Process to prepare a gas oil, by (a) isolating from a Fischer-Tropsch synthesis product a first gas oil fraction and a fraction boiling above the gas oil fraction, (b) contacting the heavier fraction with a catalyst system comprising a catalyst, which catalyst comprises an acidic matrix and a large pore molecular sieve in a riser reactor at a temperature of between 450 and 650° C. at a contact time of between 1 and 10 seconds and at a catalyst to oil ratio of between 2 and 20 kg/kg, (c) isolating from the product of step (b) a second gas oil fraction; (d) combining the first gas oil fraction with the second gas oil.

Description

FIELD OF THE INVENTION

The invention relates to a process to prepare a gas oil, in combination with a gasoline, by catalytic cracking of a Fischer-Tropsch product.

BACKGROUND OF THE INVENTION

It is known that paraffinic products boiling in the gas oil range can be prepared from a Fischer-Tropsch derived synthesis product.

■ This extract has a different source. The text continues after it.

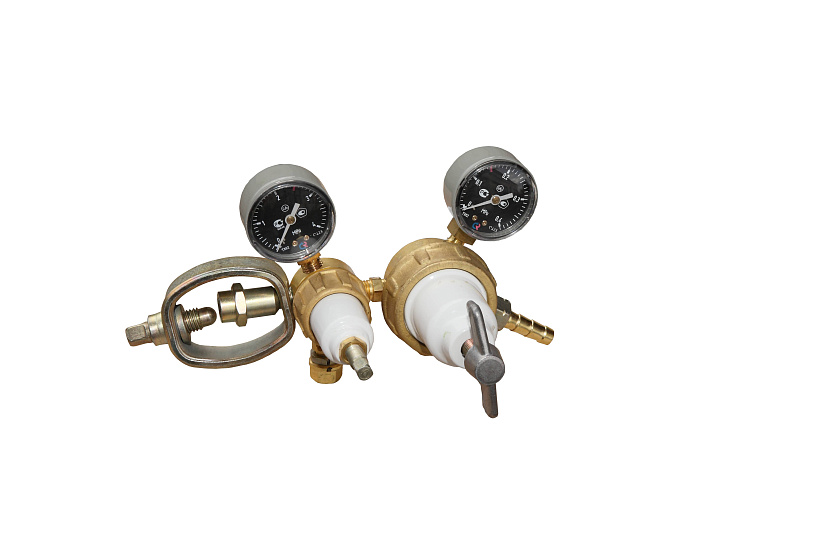 Редуктор ацетиленовый БАД-5 (исп. 03) двухступенчатый БАМЗ Редуктор ацетиленовый БАД-5 (исп. 03) двухступенчатый БАМЗ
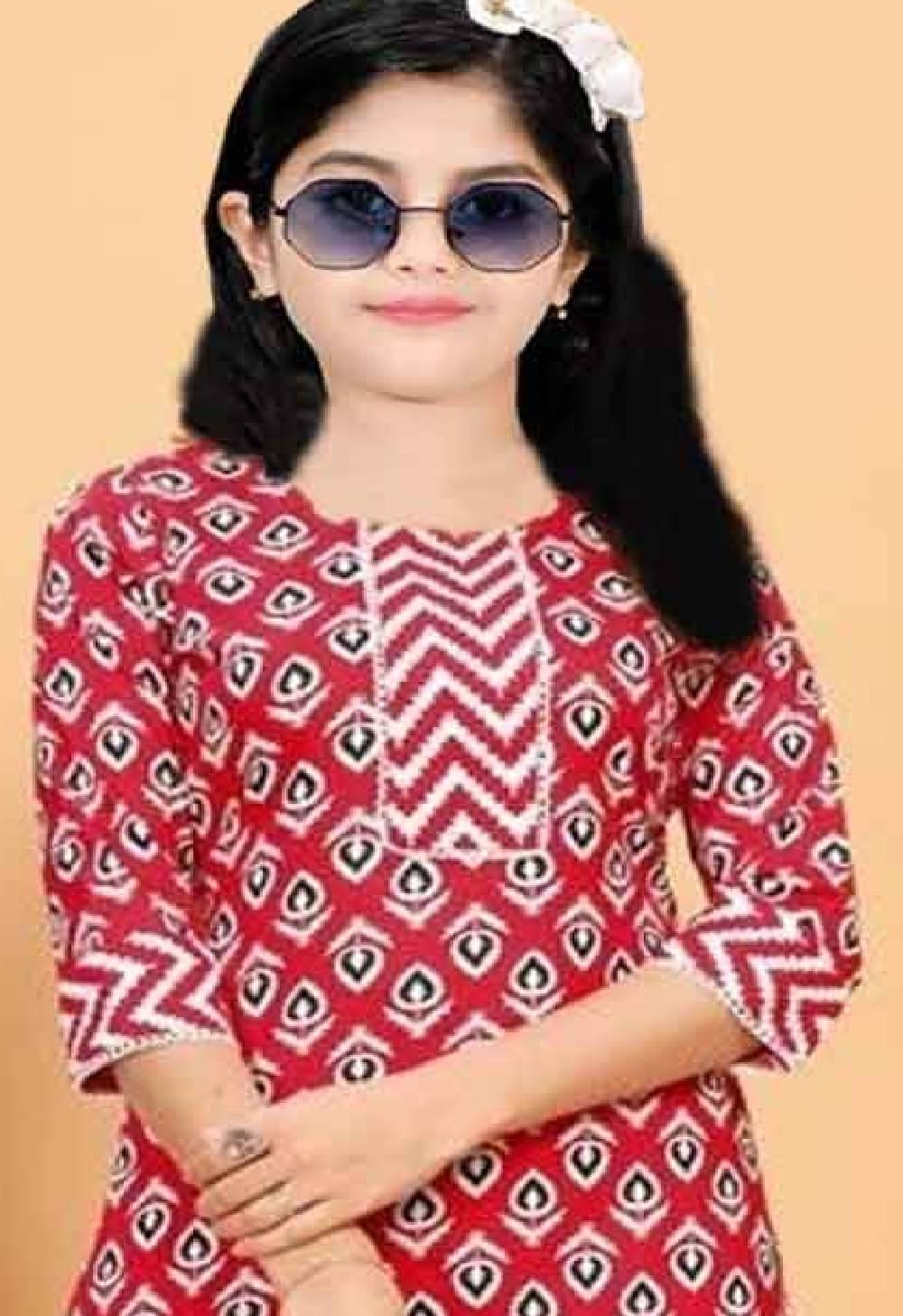 Various Vault Girls Cotton Blend Kurti with Pants ( Pack of 1 , Blood Red ) Various Vault Girls Cotton Blend Kurti with Pants ( Pack of 1 , Blood Red )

However, Preparing a gasoline having an acceptable octane number, and a paraffinic gas oil, from a Fischer-Tropsch product, using a single conversion process, is not straightforward. This because the Fischer-Tropsch product as such consists for a large portion of normal paraffins which have a low octane value or contribution. Various publications are known which describe catalytic cracking as a process to prepare a gasoline having an acceptable octane value from a Fischer-Tropsch product. For example U.S. Pat. No. 4,684,756 discloses a process to prepare a gasoline fraction directly by catalytic cracking of a Fischer-Tropsch wax as obtained in an iron catalysed Fischer-Tropsch process. The gasoline yield is 57.2 wt %.

A disadvantage of some of the above processes involving catalytic cracking is that the cetane number of the gas oil fraction, which is produced in combination with the gasoline, is too low, and the gas oil yield is low.

The object of the present invention is to prepare a high quality paraffinic gas oil in a catalytic cracking process of a Fischer-Tropsch product which process has as the main product a gasoline.

SUMMARY OF THE INVENTION

Process to prepare a gas oil, by

• (a) isolating from a Fischer-Tropsch synthesis product a first gas oil fraction and a fraction boiling above the gas oil fraction,
• (b) contacting the heavier fraction with a catalyst system comprising a catalyst, which catalyst comprises an acidic matrix and a large pore molecular sieve in a riser reactor at a temperature of between 450 and 650° C. at a contact time of between 1 and 10 seconds and at a catalyst to oil ratio of between 2 and 20 kg/kg,
• (c) isolating from the product of step (b) a second gas oil fraction;
• (d) combining the first gas oil fraction with the second gas oil.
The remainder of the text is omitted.